Violation of Conversion rule of C99.

[Rajesh S R]

Isn't this code violation of C99 standard?

#include <stdio.h>
int main( void )
{
float a = 0.7;

if(a < 0.7)
printf("Wrong");
else
printf("Right! God job");
return 0;
}



The output of the code is "wrong".

Isnt the output violating C99 standard which states:

*6.3.1.5 Real floating types*
When a float is promoted to double or long double, or a double is
promoted
to long double, its value is unchanged.

I am using DEV-CPP (MingW32) compiler for windows.

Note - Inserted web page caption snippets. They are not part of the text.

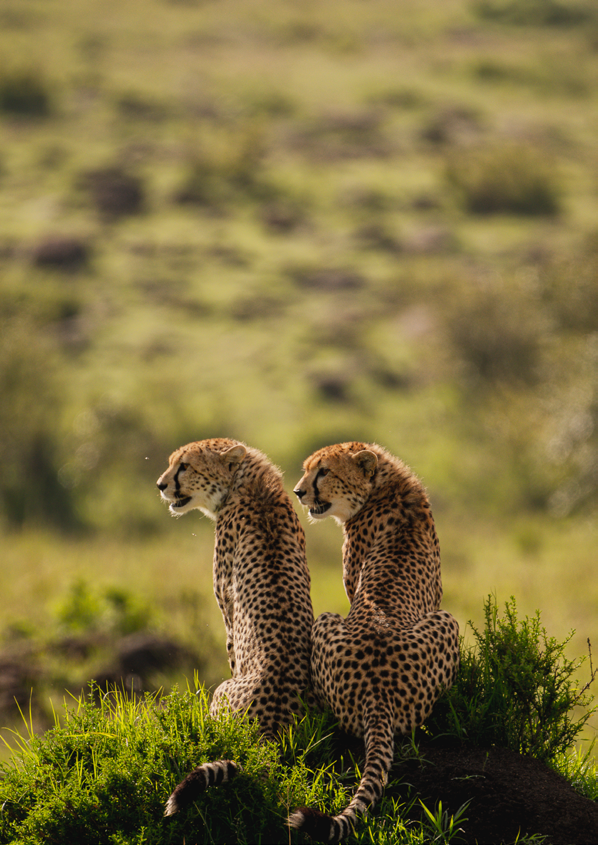 SkySafari East Africa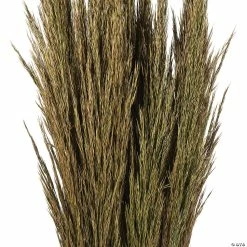 Promo ⭐ Vickerman 36" Natural Green Plume Reed 2 Pack Bundle 😀 -Craft Kits Sales vickerman 36 natural green plume reed 2 pack bundle13968683 a02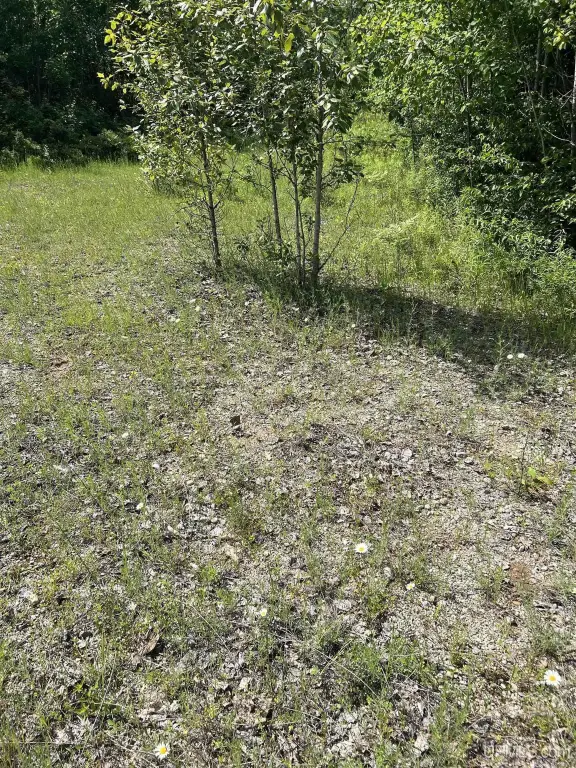 Picture 15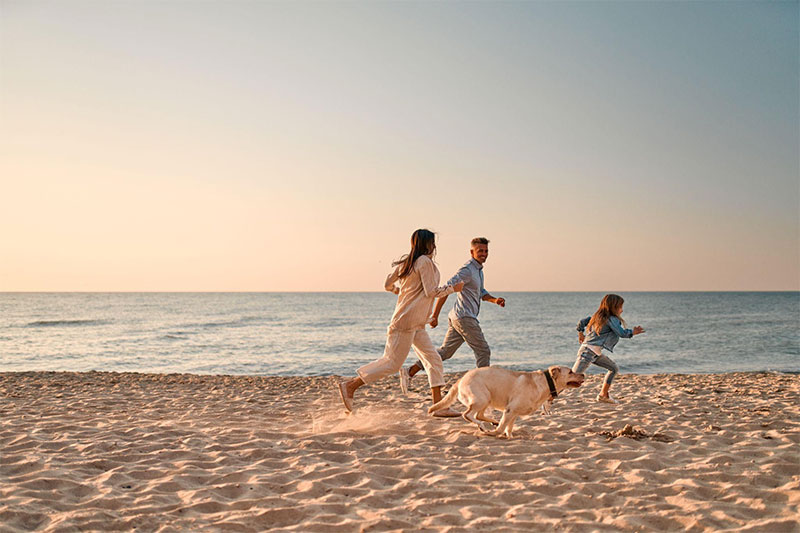 CompanionLifeUK's tweet photo. Ceva Animal Health shares vet-approved summer travel checklist for pet owners - https://t.co/Pim1hzNxBu https://t.co/pvDQRgOkB4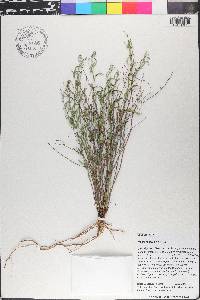 Tragia ramosa image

Thanks in advance for the reply.

 

[Eric Sosman]

Isn't this code violation of C99 standard?

#include <stdio.h>
int main( void )
{
float a = 0.7;

if(a < 0.7)
printf("Wrong");
else
printf("Right! God job");
return 0;
}



The output of the code is "wrong".

Isnt the output violating C99 standard which states:

*6.3.1.5 Real floating types*
When a float is promoted to double or long double, or a double is
promoted
to long double, its value is unchanged.

Right. But when a double is *de*moted to a float,
which happens in the initialization of `a', there is
no such guarantee.

 

[William Hughes]

Isn't this code violation of C99 standard?

#include <stdio.h>
int main( void )
{
float a = 0.7;

if(a < 0.7)
printf("Wrong");
else
printf("Right! God job");
return 0;

}

The output of the code is "wrong".

Isnt the output violating C99 standard which states:

*6.3.1.5 Real floating types*
When a float is promoted to double or long double, or a double is
promoted
to long double, its value is unchanged.

I am using DEV-CPP (MingW32) compiler for windows.

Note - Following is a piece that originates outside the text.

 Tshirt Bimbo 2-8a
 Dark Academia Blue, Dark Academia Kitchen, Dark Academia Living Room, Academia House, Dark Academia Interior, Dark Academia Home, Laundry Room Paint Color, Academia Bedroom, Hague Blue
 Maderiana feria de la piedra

Thanks in advance for the reply.

No, the code appears to work correctly. Note that 0.7 is
a *double*. When you convert this to a float you get a slightly
smaller value (there is no float value that can hold
the double value). So a is now slightly smaller
than 0.7 double, and when you compare a to 0.7
a is promoted to double without changing its value so
you correctly get this result.
Try changing the comparison to "if(a < 0.7f)"

However, comparing floating point values for equality
is a mug's game. Even if you get things right it
is not worth the effort, and there is always the chance
(high probability) that some implementor will get
things wrong.


- William Hughes

 

[Rajesh S R]

Right. But when a double is *de*moted to a float,
which happens in the initialization of `a', there is
no such guarantee.

--
Eric Sosman
(e-mail address removed)- Hide quoted text -

- Show quoted text -

Thanks for the reply.
So due to demotion the value initialised is not represented exactly,
so you get the output as "wrong".
But C standard further states that:

If the value being converted is in the range of values that can be
represented but cannot be represented exactly, the result is either
the nearest higher or nearest lower representable value, chosen in an
*implementation-defined manner*.

So the output may also be "Right! God job" ,by some other compilers
and the output is implementation dependent.
Am I right?

 

[William Hughes]

Thanks for the reply.
So due to demotion the value initialised is not represented exactly,

Well the real number 0.7 can (very probably) not be represented
exactly as a double.
So inexactness is due to more than just the demotion. More precisely,
"due to demotion the value initialised is not the same as the value
of the real number 0.7 converted to a double."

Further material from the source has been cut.